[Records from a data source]
****************************************

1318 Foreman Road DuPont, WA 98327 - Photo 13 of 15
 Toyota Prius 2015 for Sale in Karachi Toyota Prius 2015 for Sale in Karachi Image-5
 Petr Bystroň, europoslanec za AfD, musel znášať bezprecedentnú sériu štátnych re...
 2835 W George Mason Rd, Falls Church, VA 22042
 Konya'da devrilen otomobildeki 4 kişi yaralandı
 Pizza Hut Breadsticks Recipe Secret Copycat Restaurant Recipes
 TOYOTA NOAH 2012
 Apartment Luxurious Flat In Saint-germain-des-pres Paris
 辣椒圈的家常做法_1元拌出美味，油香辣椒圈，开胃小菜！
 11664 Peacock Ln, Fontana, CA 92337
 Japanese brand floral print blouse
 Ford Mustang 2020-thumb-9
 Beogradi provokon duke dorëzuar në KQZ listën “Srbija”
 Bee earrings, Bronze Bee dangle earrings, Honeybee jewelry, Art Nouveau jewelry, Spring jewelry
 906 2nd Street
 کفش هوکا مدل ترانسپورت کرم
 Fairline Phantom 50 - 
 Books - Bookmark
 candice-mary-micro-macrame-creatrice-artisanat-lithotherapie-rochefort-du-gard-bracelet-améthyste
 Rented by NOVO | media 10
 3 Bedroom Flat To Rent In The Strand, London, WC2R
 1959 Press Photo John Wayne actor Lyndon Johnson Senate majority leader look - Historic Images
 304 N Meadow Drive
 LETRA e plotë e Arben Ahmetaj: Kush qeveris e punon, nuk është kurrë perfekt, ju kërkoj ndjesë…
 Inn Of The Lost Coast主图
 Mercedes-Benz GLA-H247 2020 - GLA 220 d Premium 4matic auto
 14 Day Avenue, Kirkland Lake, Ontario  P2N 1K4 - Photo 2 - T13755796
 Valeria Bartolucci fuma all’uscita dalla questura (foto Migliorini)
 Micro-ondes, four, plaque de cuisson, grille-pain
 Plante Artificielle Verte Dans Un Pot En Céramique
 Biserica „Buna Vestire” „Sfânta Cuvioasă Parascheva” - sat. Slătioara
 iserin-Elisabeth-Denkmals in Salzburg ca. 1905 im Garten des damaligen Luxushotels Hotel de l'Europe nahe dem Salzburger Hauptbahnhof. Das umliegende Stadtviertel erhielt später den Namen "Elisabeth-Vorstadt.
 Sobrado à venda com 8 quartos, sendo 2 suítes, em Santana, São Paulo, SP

****************************************

▶ [AIM OF THE EXERCISE]:
Only the lines from the beginning of the entries through the line bearing "Konya'da devrilen otomobildeki" should be returned, each exactly as written.

▶ [ANSWER TO THIS EXERCISE]:
1318 Foreman Road DuPont, WA 98327 - Photo 13 of 15
 Toyota Prius 2015 for Sale in Karachi Toyota Prius 2015 for Sale in Karachi Image-5
 Petr Bystroň, europoslanec za AfD, musel znášať bezprecedentnú sériu štátnych re...
 2835 W George Mason Rd, Falls Church, VA 22042
 Konya'da devrilen otomobildeki 4 kişi yaralandı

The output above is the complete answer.